ある夜、お母さんはパッと目が覚め、用を足したくなりました。といっても、厠は外にあるし、暗いし、怖いし、しばらく我慢することにしました。ところが、とうとう我慢の限界がやってきたので、勇気を振り絞って布団を抜け出し、厠へ向かって走り出しました。家は広く、玄関まで行くにはいくつか部屋を通らなければなりません。用を足したい焦りをおさえ、襖をひとつ、ふたつ、みっつと開き、やっと玄関へたどり着きました。
玄関の扉を引くと、ちょうど畑の向こうの大きな木が目に飛び込んできて、それと同時に、大きな満月があたりを青白く照らしていました。さて外へ出ようとしたその瞬間、その大きな木の根元から何かが飛び出してくるのが見えました。目を凝らしてよく見てみると、マントをつけた一匹の猫が、青白く光る大きな満月を目掛けて飛んでいきます。
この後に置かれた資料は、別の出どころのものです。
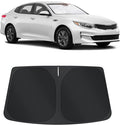 TINGLU Sun Shade for Kia Optima (Not for 2021 KIA K5) 2016-2020 Accessories Windshield Sun Shade Window Shade UV Rays Protection Sun Visor Cover with Steering Wheel Sunshade Storage Bag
そのマントをつけた猫は、お母さんに気づくことなく、月へ向かって飛んでいき、その姿はどんどん遠く小さくなっていき、とうとう見えなくなりました。

お母さんは、びっくり口を開けて驚いて、怖くてその場から動けなくなりました。…それと同時に、お母さんは、玄関に大きな水溜りを作ってしまいました。翌朝、叱られたことは言うまでもありません。おしまい…………。
この話しを聞いた私は、「怖い話」と前置きがあったのに、全然怖くないじゃん?と大笑いしましたが、実際子供の自分に起きたとしたら、とても怖かったに違いありません。
なぜ猫がマントをつけていたのか、月へ向かって飛んで行ったのか、母にもわかりませんが、きっと飼っていた猫の魂が天に帰ったのでしょう。宮沢賢治の物語に出てきても良さそうな、母の不思議な体験話でした。
現在、言い伝えられている昔話や妖怪話などは、暗がりで起きた目の錯覚や、恐怖心が原因の妄想、あるいは戒めのために作った作り話などさまざまですが、こういった些細な出来事から派生したのだと思います。私もそんな昔話などが好きですが、どんな状況でその物語ができたのだろう?と想像を巡らせることもあり、河童伝説はきっと暗闇の中、河で水浴びをしていた頭頂部の薄いオジサンを誰かが目撃したのがきっかけではないか?と考えたこともあります。
だんだん暖かい日が多くなり、春を迎えようとしています。中学生の頃、女性の先生に、「春は露出狂が多くなるから気をつけなさい」とよく注意されたことを思い出します。みなさまも、花粉、ウィルス、露出狂などに気をつけて、春の到来を楽しんでください。